This is exactly the finite-difference Laplacian with wrap-around endpoints.

We can, of course, use the .from_array method you’re already a master of. Actually, let’s do that real quick:

B_L = BlockEncoding.from_array(L)

Why even bother with .from_lcu then? Fair question. The answer hides in what’s happening underneath, and the amount of quantum resources that these two methods use.

Quantum Resource Estimation w/ .resources

“Whoa, whoa, whoa?! Quantum resources? As in quantum resources in Quantum Resource Estimation?” you ask.

“Yes.”, we answer.

“But isn’t it currently a research endeavor about finding these exact resource estimates?!”

“Yes. But… with Qrisp we made it as simple, clean, and qrispy (had to go for it), as calling the .resources method.”

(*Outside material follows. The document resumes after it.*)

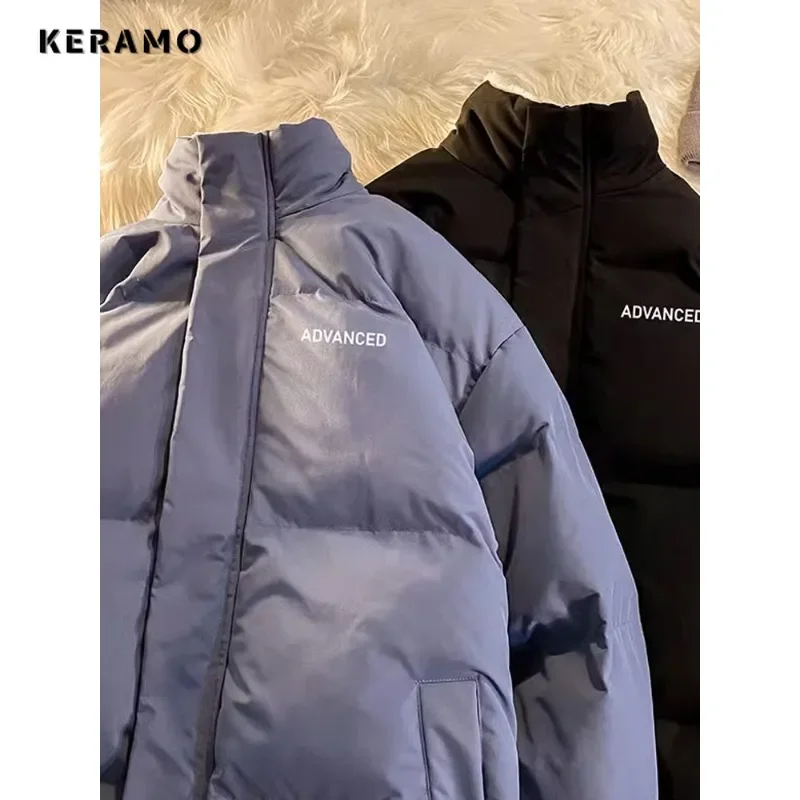 

2023 Winter American Retro Single Breasted Parkas Warm Thick Letter Print Jacket Women Casual Outerwear Vintage Fashion Coat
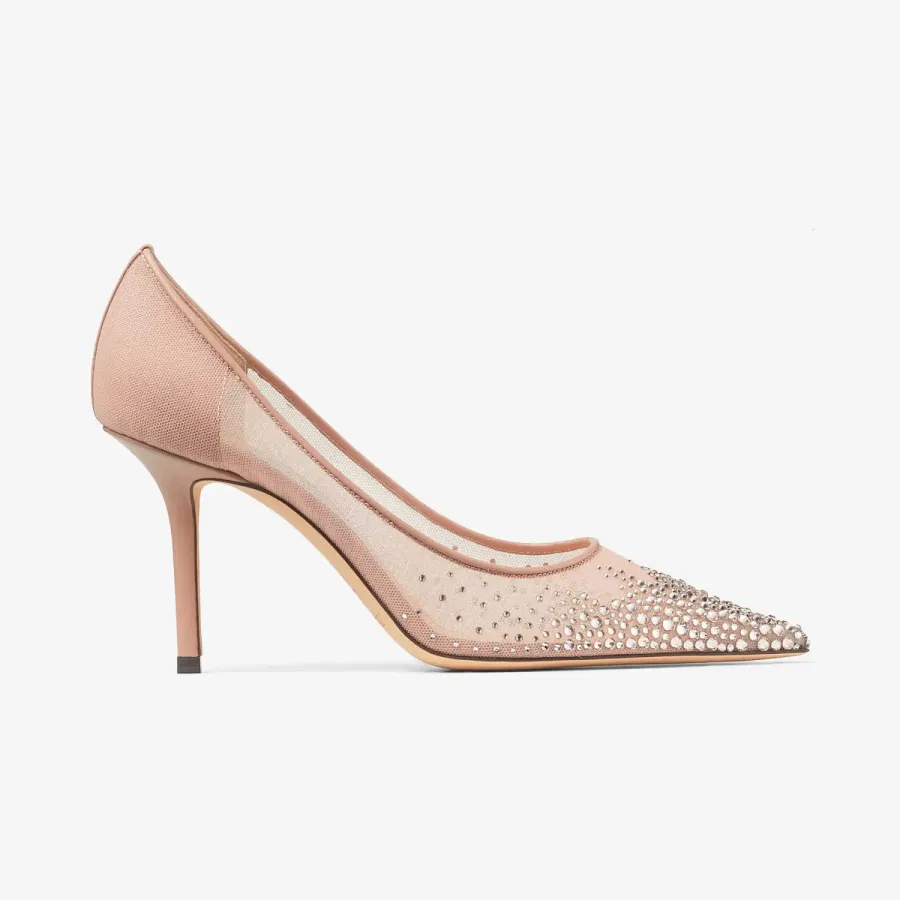 JIMMY CHOO Crystal ballet pink mesh pointed heels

Let’s see what do we get as an output:

from qrisp import QuantumFloat

# Use a 4-qubit variable for a 2^4 by 2^4 matrix.
quantum_resources = B_L.resources(QuantumFloat(4))
print(quantum_resources)

{'gate counts': {'u3': 30, 'cy': 14, 'p': 7, 't': 48, 'h': 32, 't_dg': 64, 'cx': 156, 'x': 15, 'gphase': 2}, 'depth': 220, 'qubits': 12}

Alright, it’s a dictionary with some letters (or a string of them), and a number. The former is the detailed gate count, or rather the number of every specific gate used in the application of the block encoding using .from_array. The second number is the depth of the circuit (for lack of a better word - we’re trying to eliminate the sacrilegious word “circuit” in qrisp), which is related to how long the calculation will take on an actual quantum computer. The longer it takes, the more likely that the qubits decohere, resulting in noisy results that tell us nothing. This is, of course, only a problem when executing on quantum hardware. alternatively, you can also avoid this by simulating your algorithms either with the built-in Qrisp simulator, or an alternative of your choice.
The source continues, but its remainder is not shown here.